_Required action_
Go to the line containing "an S-lock clasp" in the records below and print it and every following line exactly, on through the line containing "Kids tee shirt", then stop.
*** Opening of Data to use ***
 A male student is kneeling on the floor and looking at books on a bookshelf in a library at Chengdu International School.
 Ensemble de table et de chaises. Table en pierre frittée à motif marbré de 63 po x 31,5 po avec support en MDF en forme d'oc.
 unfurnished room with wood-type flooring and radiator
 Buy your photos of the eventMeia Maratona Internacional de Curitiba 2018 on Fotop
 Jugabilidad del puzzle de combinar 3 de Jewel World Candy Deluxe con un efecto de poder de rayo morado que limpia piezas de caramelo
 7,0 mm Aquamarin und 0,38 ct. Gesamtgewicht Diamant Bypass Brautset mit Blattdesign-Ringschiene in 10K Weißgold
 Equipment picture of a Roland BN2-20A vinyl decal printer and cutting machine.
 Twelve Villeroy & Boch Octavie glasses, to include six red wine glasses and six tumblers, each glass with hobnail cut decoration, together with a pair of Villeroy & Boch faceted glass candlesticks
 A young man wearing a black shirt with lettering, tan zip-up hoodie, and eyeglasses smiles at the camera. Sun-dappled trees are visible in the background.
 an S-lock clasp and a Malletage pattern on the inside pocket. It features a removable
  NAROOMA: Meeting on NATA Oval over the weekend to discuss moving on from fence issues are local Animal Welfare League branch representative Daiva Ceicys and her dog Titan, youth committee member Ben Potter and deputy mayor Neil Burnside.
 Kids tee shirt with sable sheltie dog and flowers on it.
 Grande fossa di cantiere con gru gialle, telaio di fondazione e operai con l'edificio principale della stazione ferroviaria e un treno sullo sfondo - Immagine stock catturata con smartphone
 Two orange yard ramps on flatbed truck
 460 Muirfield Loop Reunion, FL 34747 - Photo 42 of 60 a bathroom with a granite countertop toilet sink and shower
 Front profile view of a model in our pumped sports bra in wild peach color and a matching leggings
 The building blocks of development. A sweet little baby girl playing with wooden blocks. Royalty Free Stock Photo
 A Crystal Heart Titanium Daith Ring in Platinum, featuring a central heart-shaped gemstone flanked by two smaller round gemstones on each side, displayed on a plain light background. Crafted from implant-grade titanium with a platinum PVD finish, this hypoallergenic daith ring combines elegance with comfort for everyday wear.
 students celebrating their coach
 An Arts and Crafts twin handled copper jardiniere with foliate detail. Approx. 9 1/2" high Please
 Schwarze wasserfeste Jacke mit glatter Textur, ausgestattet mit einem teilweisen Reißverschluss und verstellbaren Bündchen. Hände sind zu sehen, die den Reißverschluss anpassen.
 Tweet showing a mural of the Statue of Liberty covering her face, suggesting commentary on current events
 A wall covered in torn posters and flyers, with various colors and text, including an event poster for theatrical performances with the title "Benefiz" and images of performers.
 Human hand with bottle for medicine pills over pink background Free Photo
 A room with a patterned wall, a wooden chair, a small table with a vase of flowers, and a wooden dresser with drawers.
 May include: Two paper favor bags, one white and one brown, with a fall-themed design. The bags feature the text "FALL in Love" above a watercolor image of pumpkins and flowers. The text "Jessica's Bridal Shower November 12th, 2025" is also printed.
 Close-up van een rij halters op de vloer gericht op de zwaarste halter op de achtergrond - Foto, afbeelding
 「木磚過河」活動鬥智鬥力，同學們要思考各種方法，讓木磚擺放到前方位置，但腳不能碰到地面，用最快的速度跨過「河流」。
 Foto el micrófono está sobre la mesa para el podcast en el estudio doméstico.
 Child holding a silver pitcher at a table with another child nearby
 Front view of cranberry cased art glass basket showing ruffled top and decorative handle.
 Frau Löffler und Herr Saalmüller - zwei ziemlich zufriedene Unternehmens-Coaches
*** Close of Data to use ***
_Solution to the exercise_
 an S-lock clasp and a Malletage pattern on the inside pocket. It features a removable
  NAROOMA: Meeting on NATA Oval over the weekend to discuss moving on from fence issues are local Animal Welfare League branch representative Daiva Ceicys and her dog Titan, youth committee member Ben Potter and deputy mayor Neil Burnside.
 Kids tee shirt with sable sheltie dog and flowers on it.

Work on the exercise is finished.